The county's efforts are part of a statewide process to bring Enhanced 911 service to all areas of Montana. A portion of the funding comes from a fee on telephone bills. The service will allow dispatchers to pinpoint the location of a 911 call and direct emergency responders there even if the caller is unable to speak, explained Marc McGill of the Lincoln County Emergency Management Agency.

The system will also allow "reverse 911" calls to notify residents of a particular area about an emergency such as a chemical spill or hostage situation, McGill said.

Before the new dispatch system can be installed, accurate addresses - based on GPS data - must be in place. That information was submitted by a contractor last spring, and over the past year the planning department has reviewed the data and made necessary corrections. The county has been working with the post office on issues of concern and is fine-tuning the new address system. Postal customers can expect to receive notice of address changes in late spring.

The new system breaks each mile down into 1,000 points and assigns addresses accordingly - "technically an address every 5 feet, but we didn't ever put them that close," Blystone said.

However, most current addresses will be changing unless they happened to fall closely in line with the GPS data.

"I would say there's at least 5,000 addresses changing," Blystone said.

That includes every address on U.S. Highway 2 outside city limits, she said.

Once residents receive notice from the post office, they can start using the new address after 30 days. The post office will forward mail with the old address for one year after the change.
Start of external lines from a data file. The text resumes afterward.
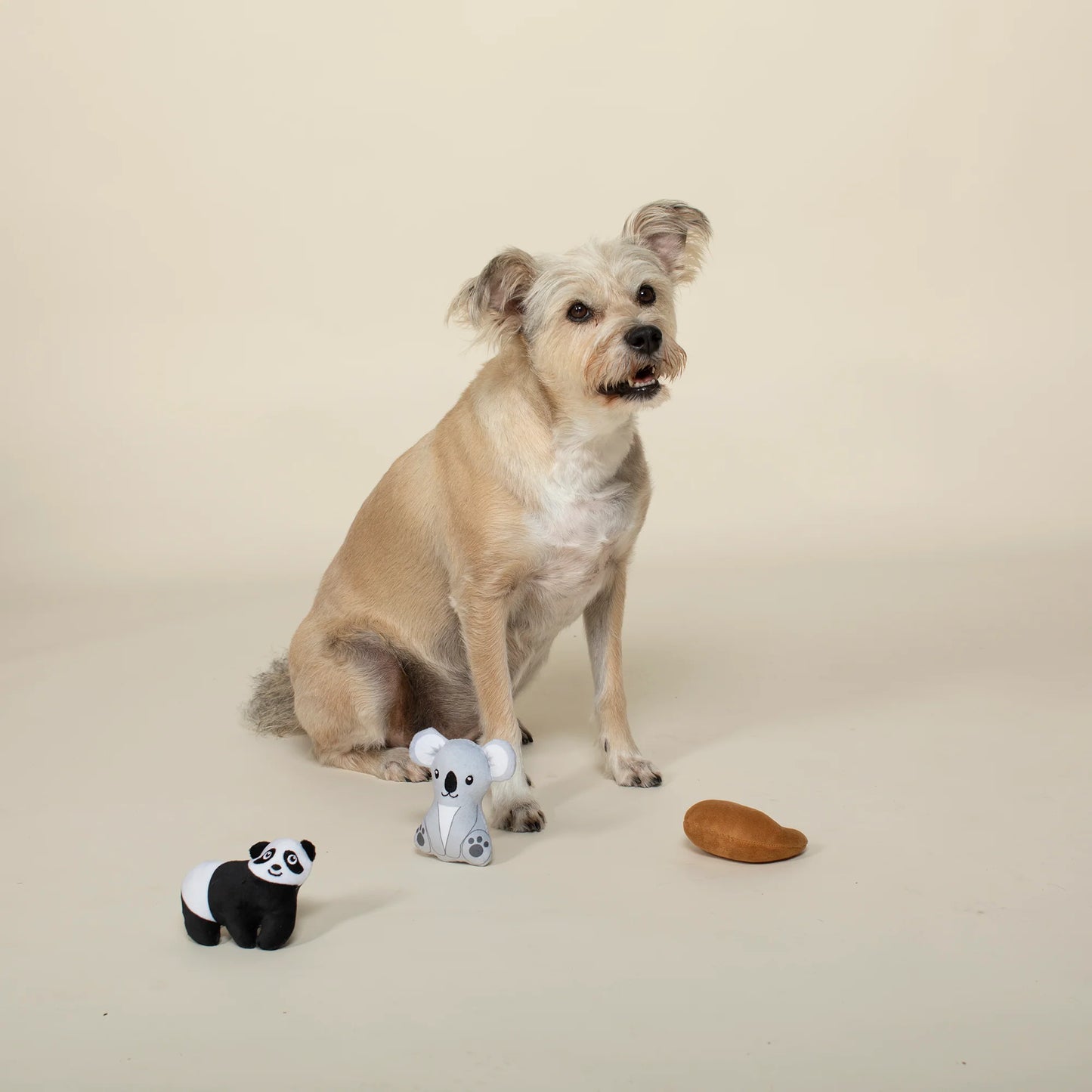 Leafin' Around Mini Dog Toy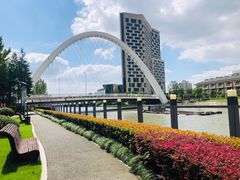 -陈家山荷花公园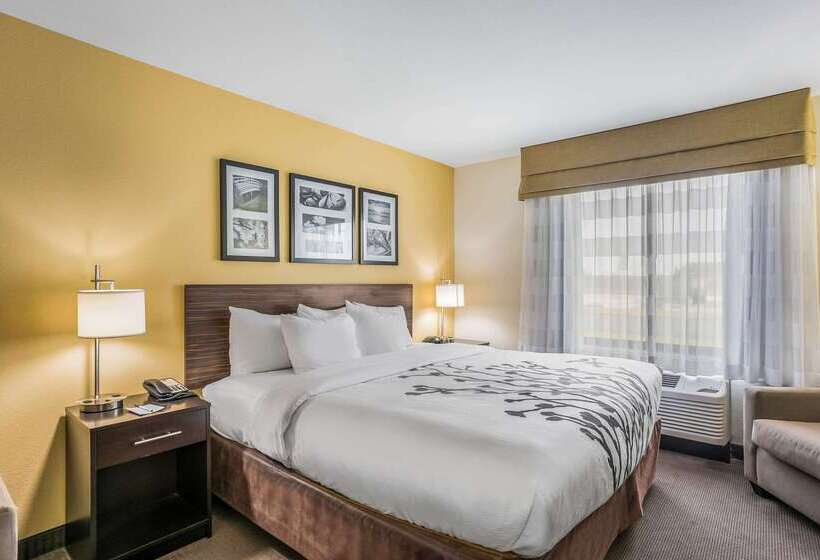 Отель Sleep Inn & Suites Hannibal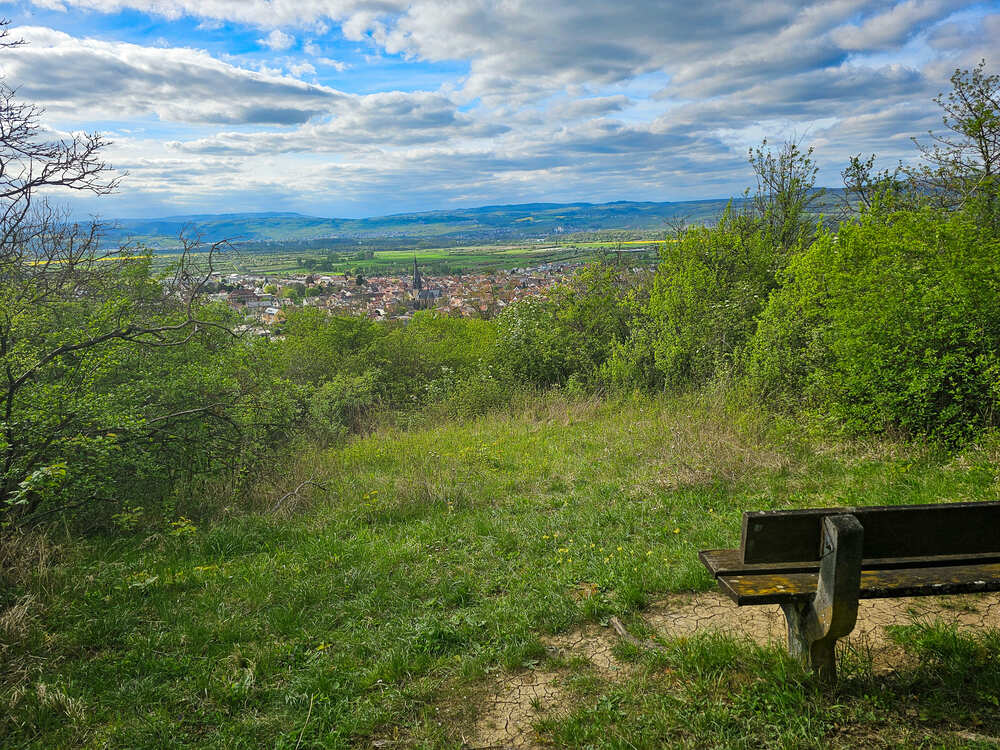 Aussichtspunkt Richardshöhe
The new system requires names for all private roads that access three or more homes. To avoid confusion, established road names won't change, but new roads will have to be given names that aren't too similar to those already in existence.

"You've got to come up with some unique names now," Blystone said.

Addresses for undeveloped land will also be changing, but property owners won't be notified by the post office, Blystone said. They should check with the planning office, she said.